Rick’s “sticktuitiveness” is especially remarkable considering that Brew City’s typical ideas for t-shirts are the kind that will automatically alienate vast swaths of the marketplace. The cutting-edge subjects of the shirts tend to be “bad-boy” themes like alcohol, sex and decidedly non-politically correct slogans.
His first really controversial idea, for example, came to him in 1998: Why not produce t-shirts like the government-issue ones that prisoners might wear? Or, for that matter, how about making orange jump suits that look exactly like what jailbirds wear into and out of court?
Rick didn’t get any takers when he displayed his jail-wear idea at the national industry trade show, Magic, that year. But the prison-themed gear succeeded so well locally that a man in one of Rick’s jump suits was arrested on a city bus because passengers feared he had escaped from the county jail.
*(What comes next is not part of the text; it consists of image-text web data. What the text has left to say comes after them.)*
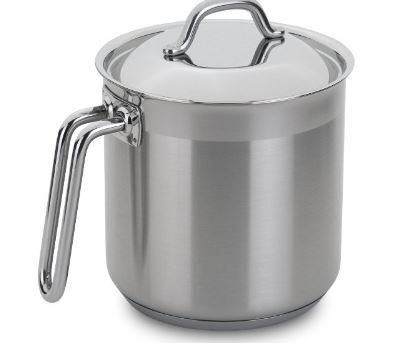 CAFETEIRA Nº14 TEJO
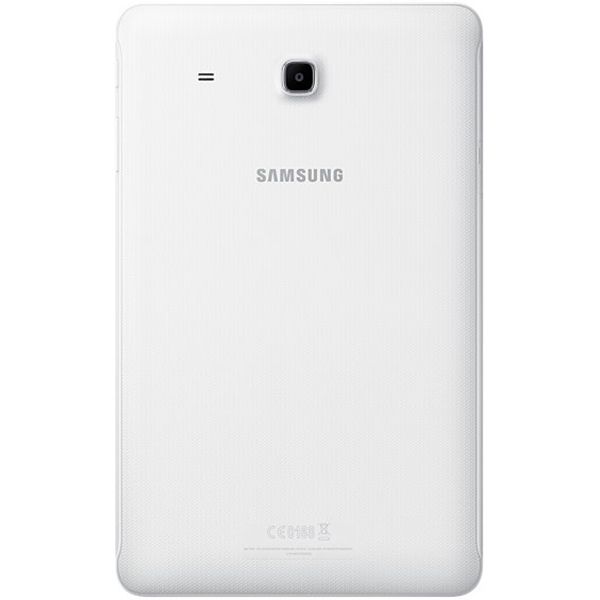 Планшет Samsung Galaxy Tab E T 560 8GB 9.6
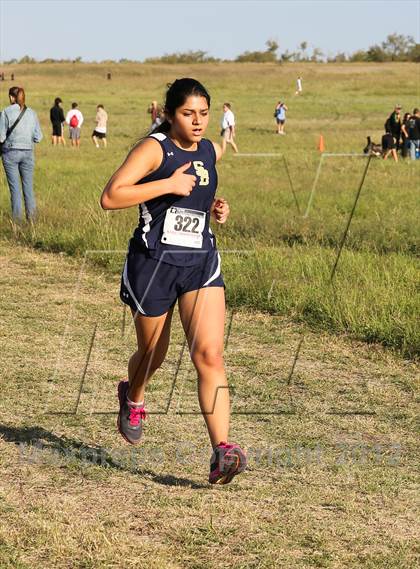 Thumbnail 2 in TAPPS 4A State Championships photogallery.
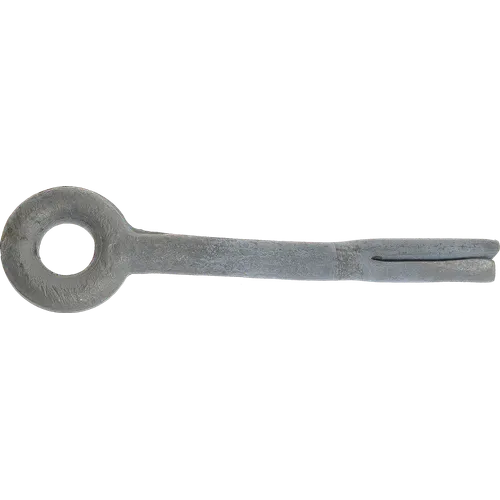 Bergögla m. kil 18x175 mm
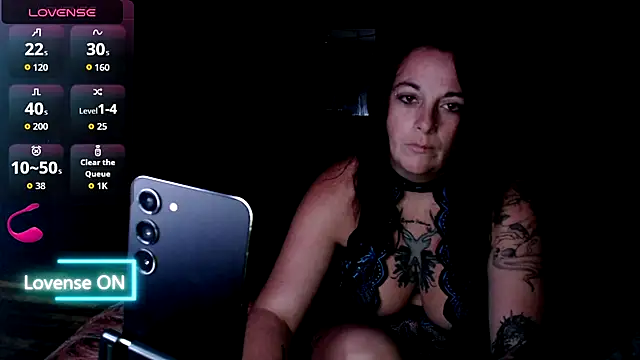 Snapshot of Siri30xtasty chatting on November 2025 03:38:01 AM Siri30xtasty online show from November 2025 03:38:01 AM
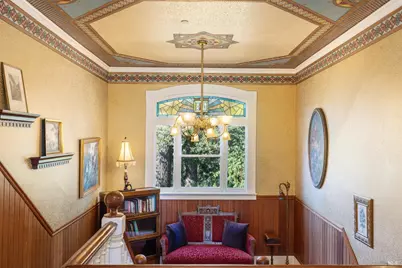 25 W Grant Street, Healdsburg, CA 95448 - Photo 12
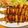 ニナw's cooksnap of when they made アスパラの肉巻きフライ.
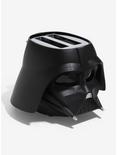 Star Wars Darth Vader Toaster, , hi-res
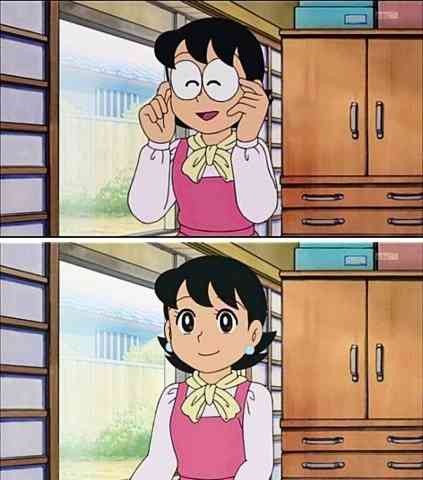 同じ年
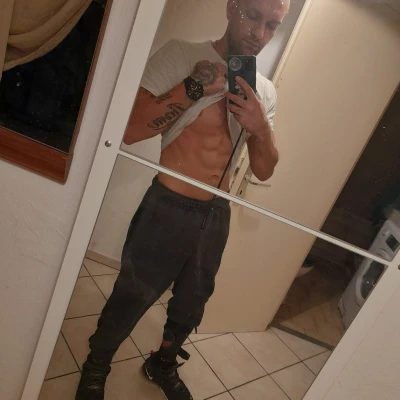 BozzFailx23, Escort, Schwedt (Oder)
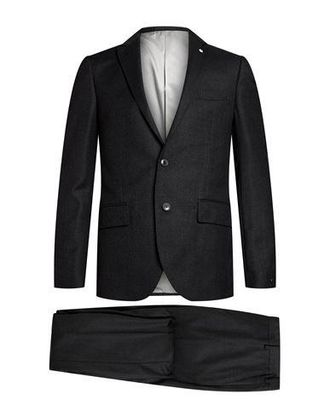 L.B.M. 1911 SUITS and CO-ORDS - Suits on YOOX.COM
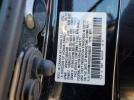 Honda Crv Ex Image 12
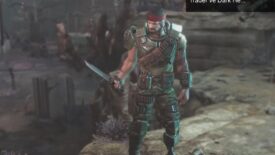 Warhammer 40K Dünyasında Eğlenceli Aksiyon: Rogue Trader ve Dark Heresy Yeni Karakterler ile Geri Dönüyor!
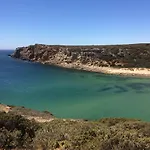 Villa Jump Jibe Sagres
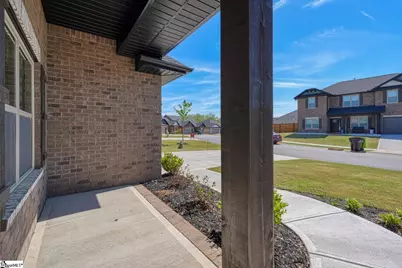 339 Cypress Hollow Trail, Piedmont, SC 29673 - Photo 4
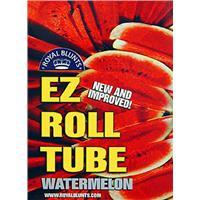 Royal Blunts Watermelon Wraps Blunt Wraps Royal Blunts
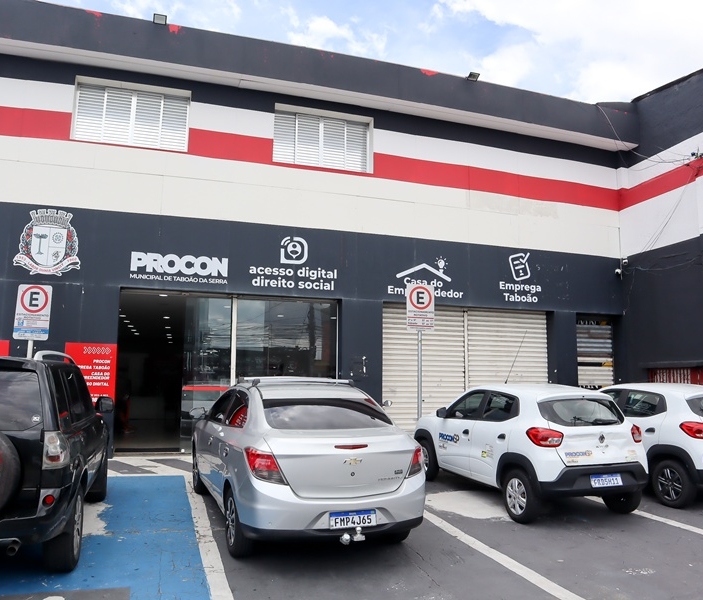 Antonia Alves | Secom | PMTS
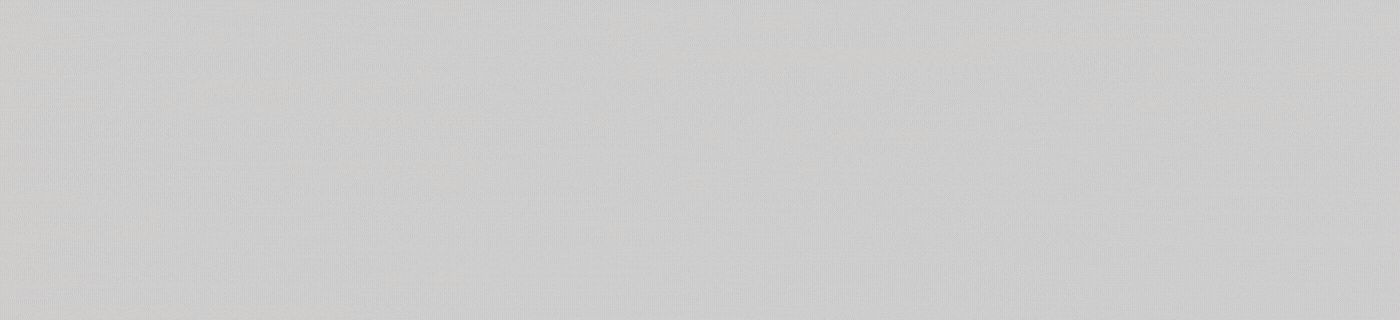 BIENVENUE AU COLLEGE SAINT-JOSEPH Harcèlement.gif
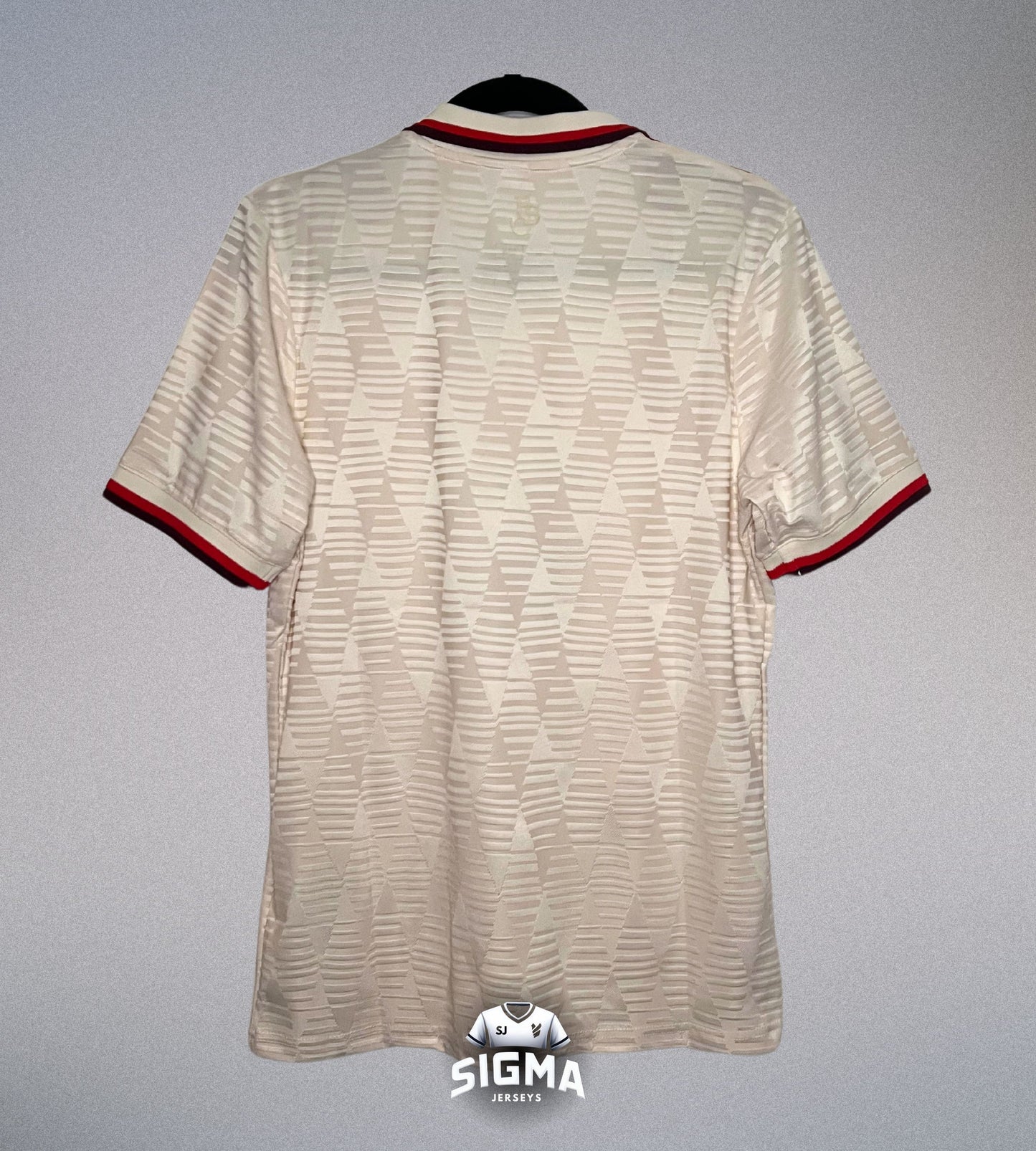 BAYERN MUNICH Tercera 2024/25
Rick got national publicity on that.
And so the Kepplers went to Magic in 1999 with new determination to create a market for their jail-wear. Guess what? Other novelty-apparel companies already had beaten them to the punch and were showing their own jail-wear at the show, before Brew City had a chance to establish its own product line nationally.
From that experience, Rick and his sons took away a conviction that they were pretty good at coming up with t-shirt ideas that resonated with the popular culture – and that they shouldn’t give up on themes that they deemed worthy.
So the next year, they took shirts to Magic that bore the logo “Pabst,” a defunct Milwaukee-brewed brand. At the show, buyers skipped past the Brew City booth. But then after the show, a buyer for Urban Outfitters, the hip apparel retailer, ordered some Pabst shirts. They quickly proved such a big hit in Urban Outfitters stores that Brew City was able to sell the chain “Blatz” and “Schlitz” stuff as well.
“Suddenly, almost every single retailer who had turned us down started calling us,” Rick says.
Nowadays, Rick doesn’t get flustered at all when a theme his company has concocted doesn’t take off immediately. They still come up with some clunkers, such as a complete line of t-shirts for “teams” in a mythical, nationwide “Rollergirl” league similar to that in the like-named reality-TV show; the show tanked, and so did the shirts.
But they have found great success through Urban Outfitters with their Sensitive Guy theme, and even with licensed merchandise that bears the Trojan condom brand. “It doesn’t have to be dirty,” he says. “The ideas just have to be clever.”
And now, Rick is looking for some politically charged issues to exploit with t-shirts. “Right now, I’d love a good tagline that has to do with Mexican immigration to America – without being offensive to either side,” he says. “If I do, I’ll sell a lot of them.”
From the perspective of 20 years as a small-time retailer, Rick is finally souring on having his own Brew City outlets. However, he’s very bullish about expanding his wholesale business.
“Retail isn’t a good place to be right now because mall-startup stores are having a hard time,” Rick says. “Rents have skyrocketed. Meanwhile, there are a variety of other places that people can go to buy things, like the internet. And [retail] will get a lot worse before it will ever get better.”